Termination Rejected for L.A. Cop
A Los Angeles Police Officer was improperly fired for misusing his department computer, the Second
District Court of Appeal held, because the board of rights based its decision on misconduct that
occurred outside the two-year statute of Limitation period prescribed by the city charter. The board
erroneously determined that the office's actions were criminal in nature, and therefore subject to a
three year limitations period.
The factual backdrop in this case involved allegations that a Los Angeles police officer had
physically assaulted a woman he was dating. During an internal affairs investigation into those
charges, the department discovered that the officer had used his computer to search the records of
celebrities and his ex-girlfriend while on duty. Most of the evidence in support of these
allegations dated back to 1994, but other examples were more current.
On March 28, 2001, the department served a 52-count administrative complaint on the officer. The
majority of the accusations that concerned domestic violence charges were later withdrawn, but the
department added three counts targetting the officer's misuse of the department's computers.The gist
of these charges was that the officer had conducted searches using department computers and that he
had no legitimate work reason to do so.
Following a board of rights hearing, the department found the officer quilty of these three charges
and recommended termonation. The department accepted that recommendation and fired the officer in
October 2003. The officer unsuccesfully challanged the dismissal and then appealed.
The court first determined that the officer's misconduct was not criminal activity covered by the
three-year statute of limitations.
The court rejected the department's contention that the officer had violated Penal Code Section 502
C (7), which describes as a criminal offense unauthorized “access” to a computer system or network.
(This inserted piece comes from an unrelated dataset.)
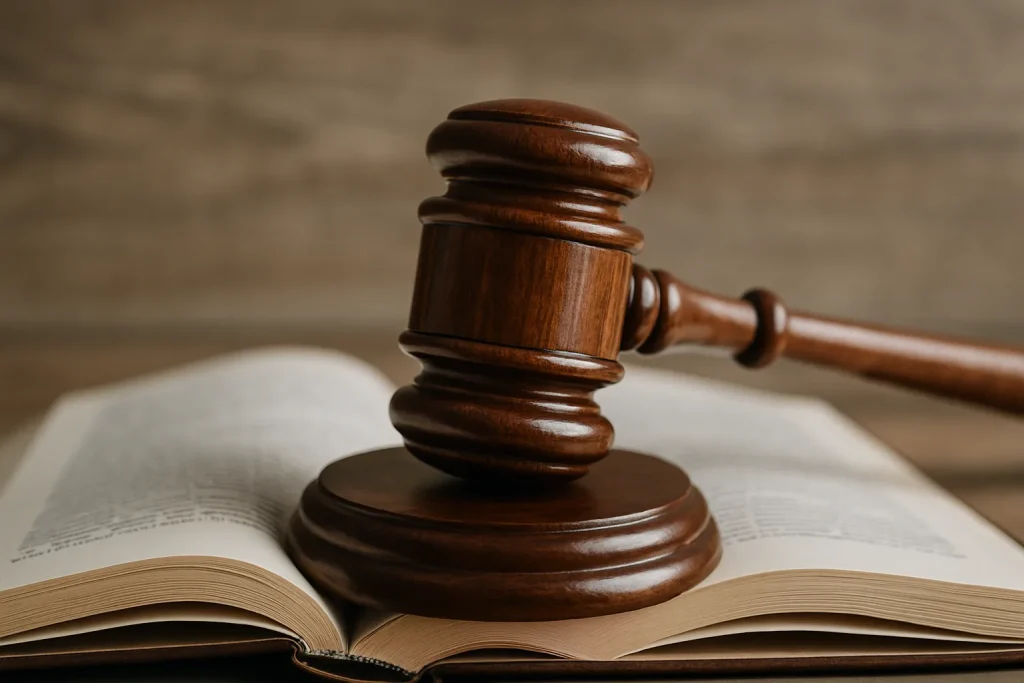 Marteau de juge en bois sur un livre de droit ouvert, lumière naturelle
The court determined that “access” refers to “hacking,” and is defined in the statute as entry
gained to “instruct, or communicate with the logical,arithmetical, or memory function resources of a
computer.” This is different than using a computer without permission, which is misconduct addressed
in Section 502 C (3). Relying on rules of statutory construction, the court felt compelled to give
different meanings to the words “use” and “access,” and concluded that the officer's improper
computer inquiries about celebrities and friends were misconduct because he had no legitimate
purpose for securing that information, but it was not hacking.
Next, the court considered Penal Code Section 502 (h), which prohibits criminal prosecution for acts
committed by a person within the scope of his lawful employment. Even if the computer misuse was
seen as criminal under subdivision (C), said the court, subdivision (h) removed the officer's
conduct from threat of criminal prosecution. It is undisputed, said the court, that the officer was
on duty when he misused the department's computers. But that fact does not mean he was acting
outside the scope of his employment. “Showing that an employee violated an employer's rules does not
determine whether the employee acted within the scope of employment,” said the court. Citing Mary M.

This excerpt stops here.